>>>

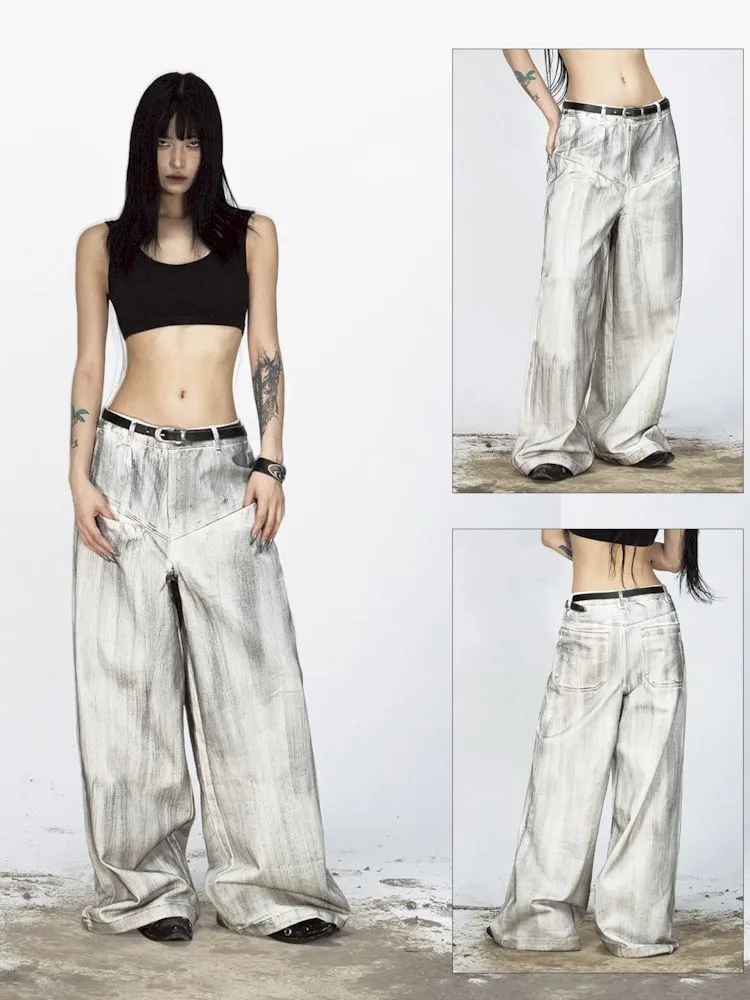 Stained Brushed Colour Straight Wide Leg Jeans【s0000008489】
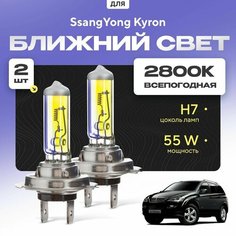 Всепогодные галогеновые лампочки 2800К H7 2шт для SsangYong Kyron. Комплект галогена в ближний свет для для Ссангйонг кайрон Va24 Ru
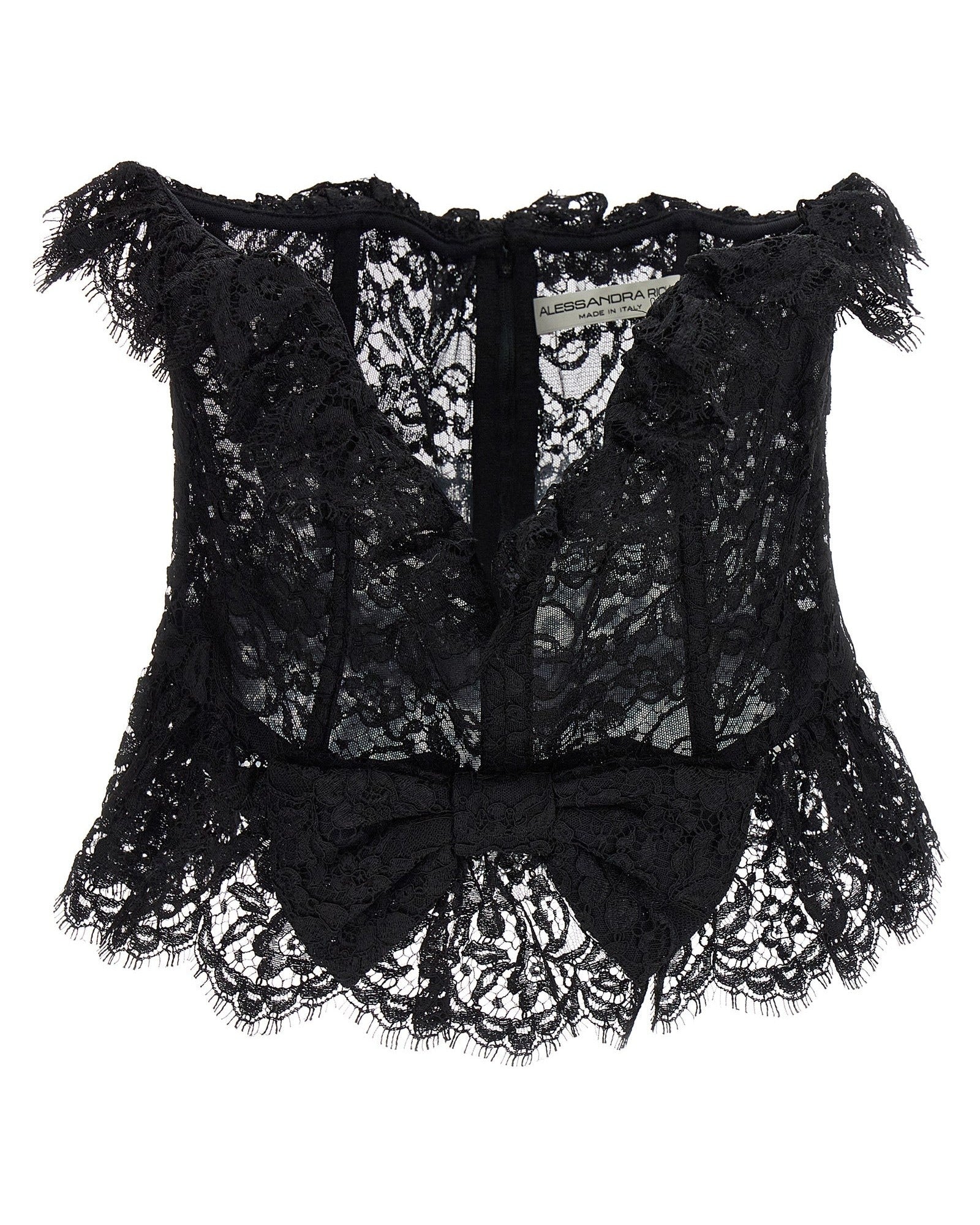 Alessandra Rich Lace Bow Bustier Top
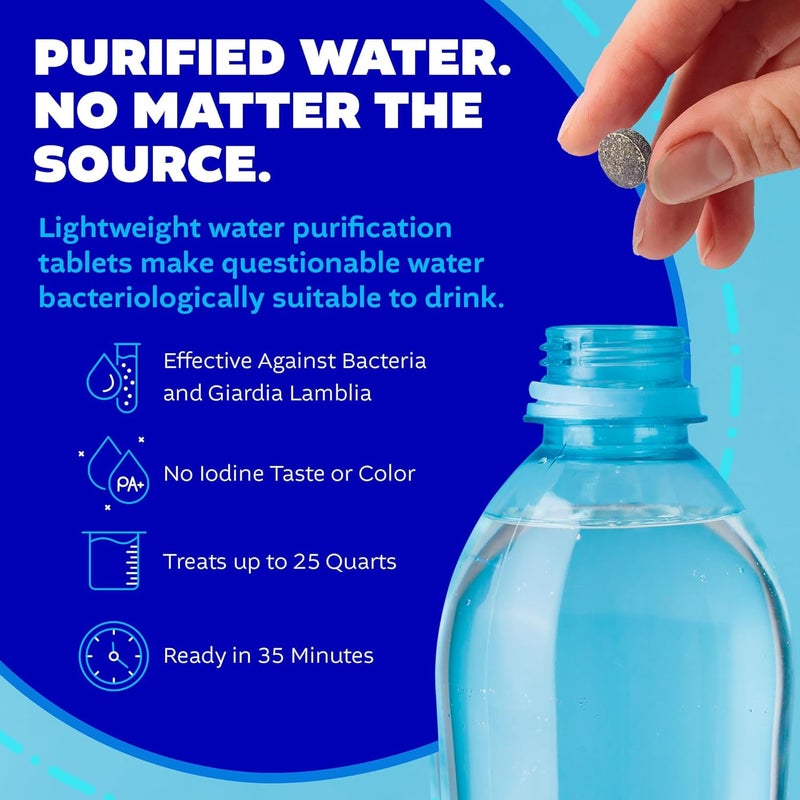Potable Aqua Water Purification Tablets with PA Plus - Effective Water Treatment for Camping, Hiking, Emergencies, and Travel - Two 50ct Bottles - Image 4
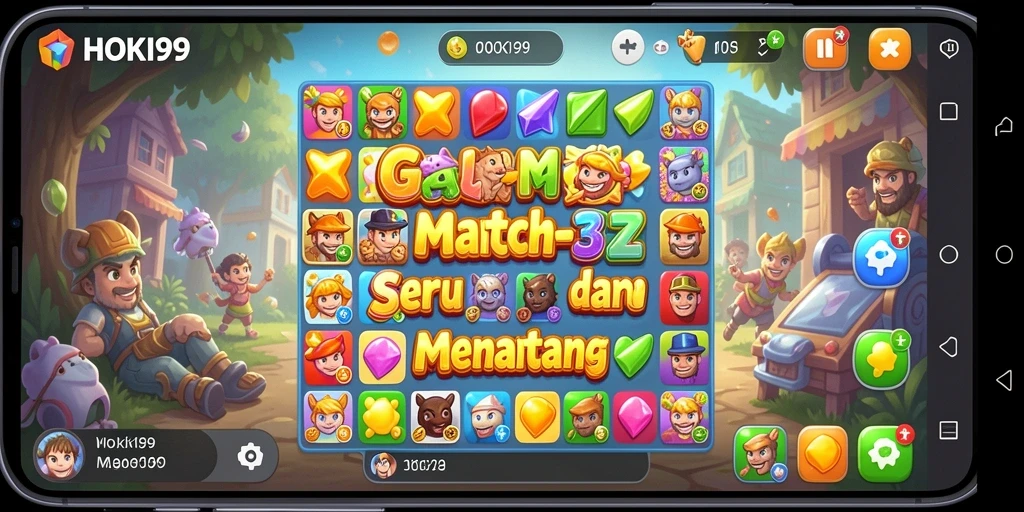 Screenshot HOKI99 menampilkan keseruan gameplay Match-3.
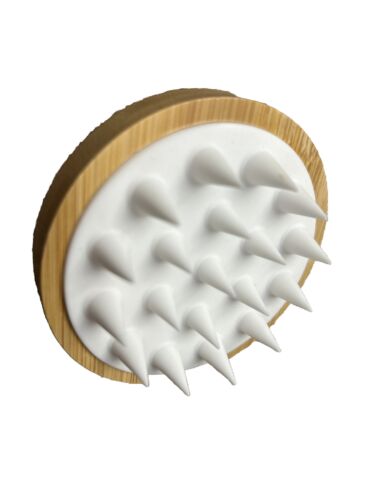 TADA~ Wooden Bamboo Soft Silicone Bristles Scalp & Hair Massager Shampoo Brush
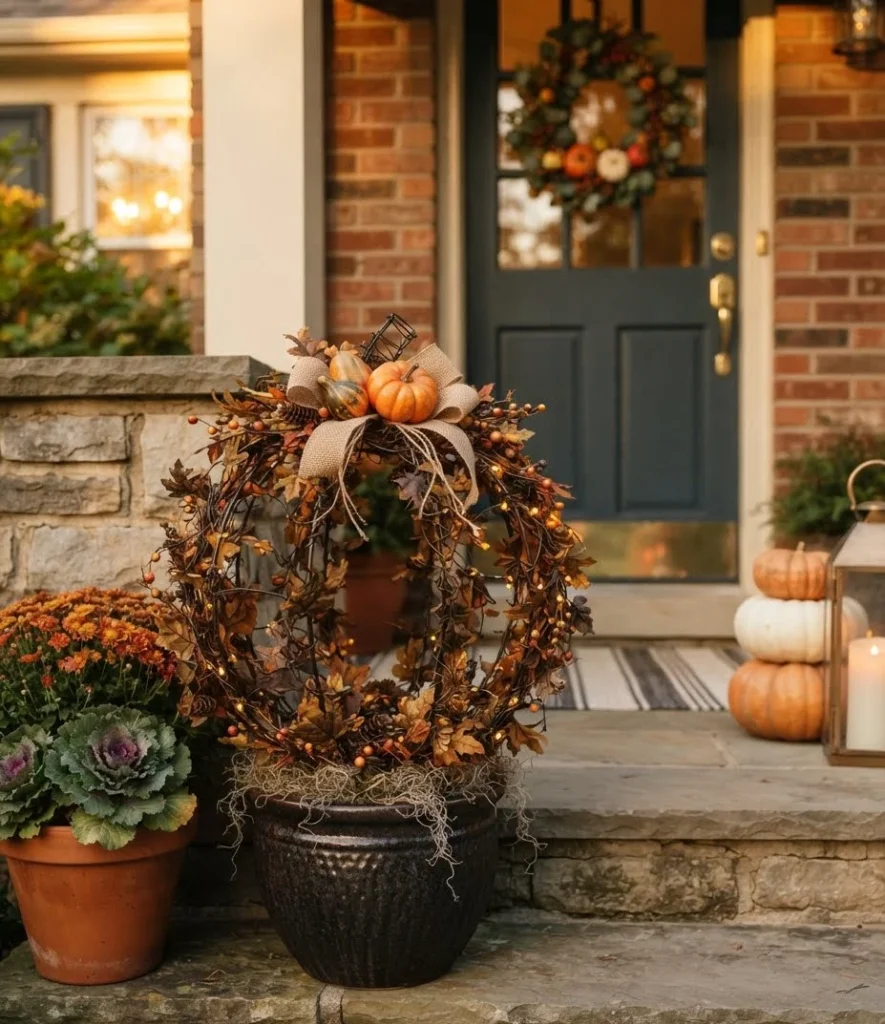 Wire Pumpkin Topiary Frame with Faux Vine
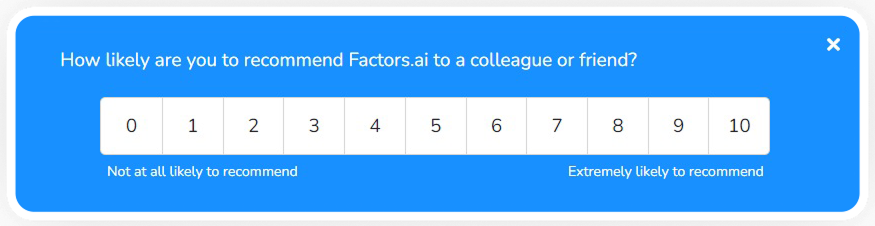 NPS questions in Factors.ai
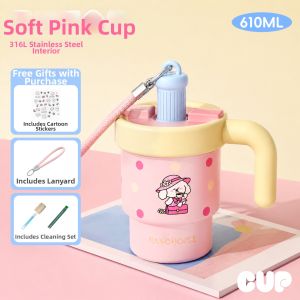 PAKCHOICE | Aesthetic Straw Portable Insulated Cup Large Capacity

<<<

Please give again, word for word, the lines from the one containing "Wire Pumpkin Topiary Frame with Faux Vine" through the last line of the listing above, inclusive, and leave out pictures.

YOUR RESPONSE>
 Wire Pumpkin Topiary Frame with Faux Vine
 NPS questions in Factors.ai
 PAKCHOICE | Aesthetic Straw Portable Insulated Cup Large Capacity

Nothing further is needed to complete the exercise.